**Work instruction**
What lines of the data below hold the string "Hoodie"? Copy each one out.

**Stored items**
#####
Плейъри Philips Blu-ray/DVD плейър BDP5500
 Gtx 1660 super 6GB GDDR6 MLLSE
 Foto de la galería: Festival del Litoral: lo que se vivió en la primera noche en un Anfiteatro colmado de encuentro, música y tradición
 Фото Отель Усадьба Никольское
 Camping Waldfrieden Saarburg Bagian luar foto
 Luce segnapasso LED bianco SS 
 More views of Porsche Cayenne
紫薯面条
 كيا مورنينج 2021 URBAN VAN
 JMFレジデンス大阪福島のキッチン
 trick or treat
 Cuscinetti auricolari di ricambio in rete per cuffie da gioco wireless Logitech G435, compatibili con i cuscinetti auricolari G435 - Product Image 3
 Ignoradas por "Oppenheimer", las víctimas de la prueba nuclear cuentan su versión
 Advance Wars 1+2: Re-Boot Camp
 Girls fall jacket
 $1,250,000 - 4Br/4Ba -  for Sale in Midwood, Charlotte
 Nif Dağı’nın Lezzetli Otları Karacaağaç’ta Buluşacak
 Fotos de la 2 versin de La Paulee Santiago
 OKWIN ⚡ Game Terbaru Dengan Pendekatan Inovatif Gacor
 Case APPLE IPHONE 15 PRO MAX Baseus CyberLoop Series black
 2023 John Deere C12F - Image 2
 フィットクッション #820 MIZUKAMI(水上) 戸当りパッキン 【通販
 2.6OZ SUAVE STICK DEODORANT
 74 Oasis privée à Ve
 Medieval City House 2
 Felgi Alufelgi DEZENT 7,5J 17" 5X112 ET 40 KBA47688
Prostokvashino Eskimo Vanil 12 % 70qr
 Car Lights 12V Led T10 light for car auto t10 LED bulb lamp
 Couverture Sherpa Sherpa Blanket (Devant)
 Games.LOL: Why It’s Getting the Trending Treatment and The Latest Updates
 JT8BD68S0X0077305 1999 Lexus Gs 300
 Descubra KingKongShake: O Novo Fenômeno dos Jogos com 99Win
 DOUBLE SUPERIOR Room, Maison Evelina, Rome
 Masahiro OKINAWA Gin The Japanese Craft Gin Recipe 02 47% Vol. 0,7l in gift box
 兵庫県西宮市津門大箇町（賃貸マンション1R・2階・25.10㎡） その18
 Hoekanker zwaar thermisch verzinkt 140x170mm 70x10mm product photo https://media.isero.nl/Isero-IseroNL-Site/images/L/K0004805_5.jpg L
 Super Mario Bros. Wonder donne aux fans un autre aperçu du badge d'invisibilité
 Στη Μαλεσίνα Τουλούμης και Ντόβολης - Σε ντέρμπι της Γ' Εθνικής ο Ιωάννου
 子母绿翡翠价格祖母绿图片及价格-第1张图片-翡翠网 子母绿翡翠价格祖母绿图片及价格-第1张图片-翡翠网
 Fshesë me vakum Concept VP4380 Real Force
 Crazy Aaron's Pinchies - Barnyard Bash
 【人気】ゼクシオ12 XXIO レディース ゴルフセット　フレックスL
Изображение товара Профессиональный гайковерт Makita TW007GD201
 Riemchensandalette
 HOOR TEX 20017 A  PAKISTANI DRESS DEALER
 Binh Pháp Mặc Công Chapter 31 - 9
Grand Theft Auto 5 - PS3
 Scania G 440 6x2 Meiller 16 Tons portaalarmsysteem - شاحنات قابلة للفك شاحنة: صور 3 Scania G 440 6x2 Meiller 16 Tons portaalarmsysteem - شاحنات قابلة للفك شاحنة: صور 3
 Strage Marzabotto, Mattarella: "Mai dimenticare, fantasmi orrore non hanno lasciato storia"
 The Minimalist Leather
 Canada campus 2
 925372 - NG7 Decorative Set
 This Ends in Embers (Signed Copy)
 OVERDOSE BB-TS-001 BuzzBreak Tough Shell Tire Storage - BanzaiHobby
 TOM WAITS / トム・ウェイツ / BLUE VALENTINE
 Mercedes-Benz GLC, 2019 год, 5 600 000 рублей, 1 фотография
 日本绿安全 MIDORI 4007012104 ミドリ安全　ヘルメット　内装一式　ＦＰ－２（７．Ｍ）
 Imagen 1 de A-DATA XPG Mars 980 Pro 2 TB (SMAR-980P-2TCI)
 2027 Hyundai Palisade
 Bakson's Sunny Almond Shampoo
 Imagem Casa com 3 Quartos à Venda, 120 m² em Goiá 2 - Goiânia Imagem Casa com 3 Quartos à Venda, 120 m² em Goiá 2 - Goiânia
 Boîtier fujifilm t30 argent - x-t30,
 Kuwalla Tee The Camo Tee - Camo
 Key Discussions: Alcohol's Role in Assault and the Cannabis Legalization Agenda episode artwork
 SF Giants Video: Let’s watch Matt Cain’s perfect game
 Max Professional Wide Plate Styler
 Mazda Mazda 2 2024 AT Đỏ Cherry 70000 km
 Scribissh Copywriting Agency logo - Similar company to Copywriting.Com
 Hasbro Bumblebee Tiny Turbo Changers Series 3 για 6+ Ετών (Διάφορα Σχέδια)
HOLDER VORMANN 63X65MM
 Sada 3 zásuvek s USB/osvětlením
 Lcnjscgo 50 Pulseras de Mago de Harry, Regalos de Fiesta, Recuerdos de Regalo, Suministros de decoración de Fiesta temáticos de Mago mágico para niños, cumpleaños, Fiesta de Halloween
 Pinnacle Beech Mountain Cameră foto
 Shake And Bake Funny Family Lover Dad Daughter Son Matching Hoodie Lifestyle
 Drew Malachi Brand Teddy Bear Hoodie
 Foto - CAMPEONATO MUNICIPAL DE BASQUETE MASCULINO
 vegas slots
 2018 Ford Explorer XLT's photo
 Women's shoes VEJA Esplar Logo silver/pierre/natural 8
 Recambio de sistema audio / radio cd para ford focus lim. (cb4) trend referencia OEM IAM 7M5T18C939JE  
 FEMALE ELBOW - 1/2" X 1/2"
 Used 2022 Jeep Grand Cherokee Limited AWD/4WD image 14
#####
**Solved problem**
 Shake And Bake Funny Family Lover Dad Daughter Son Matching Hoodie Lifestyle
 Drew Malachi Brand Teddy Bear Hoodie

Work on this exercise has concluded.